Last night, for some reason, I decided that I wanted to sing along to songs from the Phantom anyways. So, we found a channel on Alexa for Andrew Lloyd Webber music. David and I were listening to it together, and I heard songs from all of these musicals that I once loved but had completely forgotten about during my time in AA. As I listened, all of these lost memories of my childhood, including high school, started to flood back to me. It was pretty great!
Then a song came on that neither David and I recognized. I listened to the lyrics, and the man singing was talking about Christine, who is the female lead in the Phantom. Then I thought, boy, this sounds very Phantom-esque.
I saw the name of the musical on Alexa: Love Never Dies. I looked it up, and it turns out that it is a sequel to the Phantom that was released in 2010! All of a sudden, my mind just blew, and it felt too like I was catapulted into the present and out of denial pretty much immediately. I started wondering, “How the heck did I miss that?” “How did this happen?” “Have I really been missing out on stuff like this for that many years? And the answers are, yes I have been. I was so overly-involved in AA and isolated by it, and my abusive boyfriends and sponsors, that I completely missed something that for me (nerdily enough) is like life-changing. So, of course realizing that it took me 9 years to even know about this musical is life-changing and eye-opening to the extreme.

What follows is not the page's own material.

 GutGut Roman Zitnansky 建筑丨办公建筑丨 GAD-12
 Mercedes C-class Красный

Then I started wondering, “But really. How did this happen?” So I thought back to my time in AA, and all of the hundreds if not thousands of people I had met there. I realized that during my time there, I had not met one person who was a true drama and choir nerd like I am. Not one. And for some reason, I didn’t find this strange, or even notice, because in AA you are encouraged to look for the similarities, not the differences, and that we are all alike due to this or that. But last night I realized that wow, I really didn’t fit in at all in AA. Why was I hanging around all of these people that had nothing in common? Because AA told me that I would drink and die if I didn’t.
But the thing is that I left AA over two years ago and have not drank or died, or anything like that. All of those scary things have not come true. In fact, my life is 100 times better since leaving AA.

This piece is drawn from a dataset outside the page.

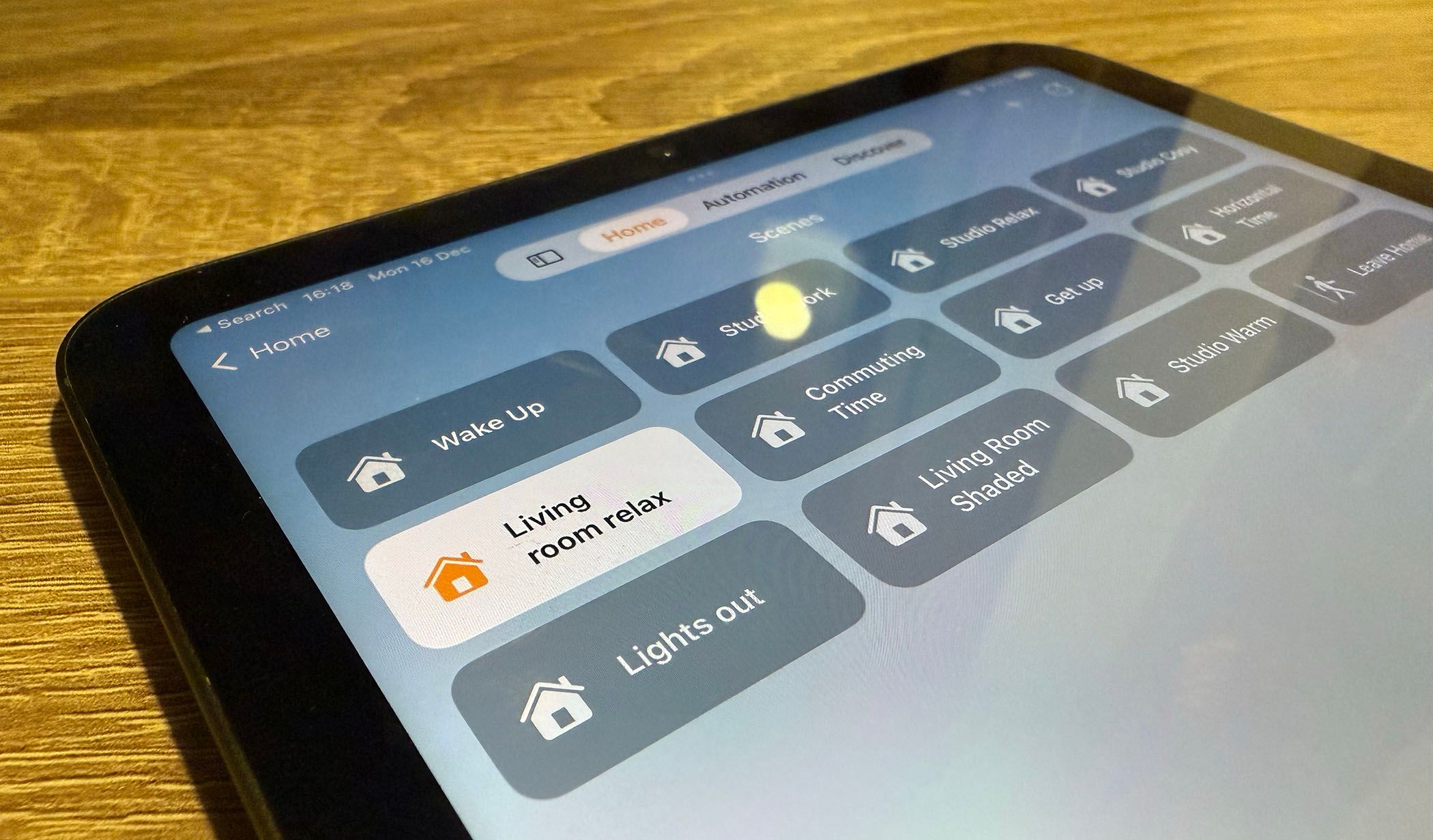 iPad mini с приложением «Дом».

Still, I look back at my time in there and think, “What was I doing wasting my life away in AA?” The truth is that I was brainwashed by AA in many ways, and could not see clearly until about this until I started to lessen my involvement in meetings and the people in it. I don’t have many friends though these days because pretty much all of them were in AA by the time that I left. I lost the majority of my other friends because of it.

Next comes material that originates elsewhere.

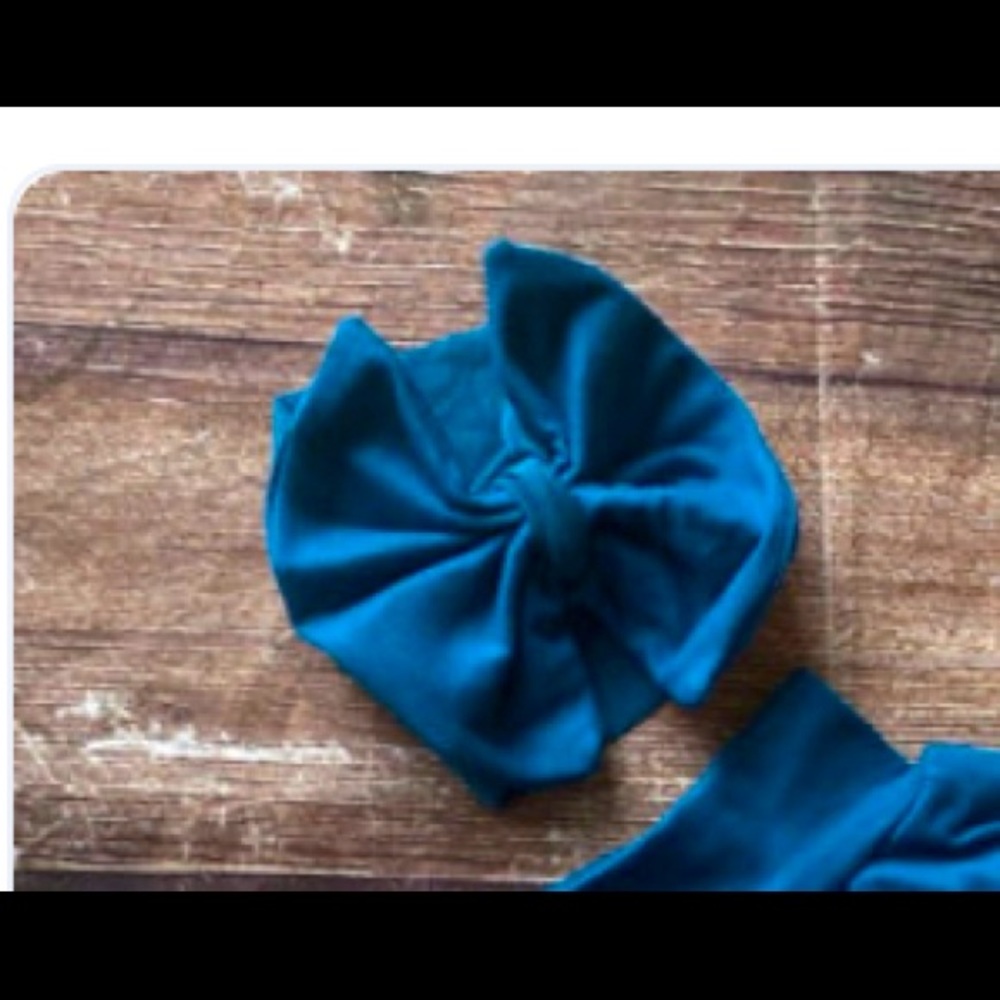 Teal handmade with love bow 0-24months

So, today, we are going to watch this new (to me) sequel of the Phantom of the Opera. I have not been this excited about anything for years. It’s like somehow, this one thing has finally just lifted me up and out of the funk that I have been in. And, because of it, I cannot deny the impact that AA and the abuse that I went through has had on my life. And I also feel, too, like I can no longer deny the fact that I have Dissociative Identity Disorder and that I went through severe childhood abuse. What this tells me too is that music really is my true love in life.
I’ve been looking back at my childhood lately and remembering all of the music, and the drama, and the wonder of it all. My mom was actually a drama teacher to the musician Aaron English and to Josh Lucas, who is the lead actor on Sweet Home Alabama. I knew Josh, and used to tease him all of the time. And, Aaron lived down the street from me and used to baby sit us. These two men and their friends, some of whom also went on to become famous in the film industry, shaped my world and brought me great joy during my troubled childhood. Because of Aaron, and his friends, as well as some family members, my world was opened to music and drama from a very young age. And it gave me a chance in life.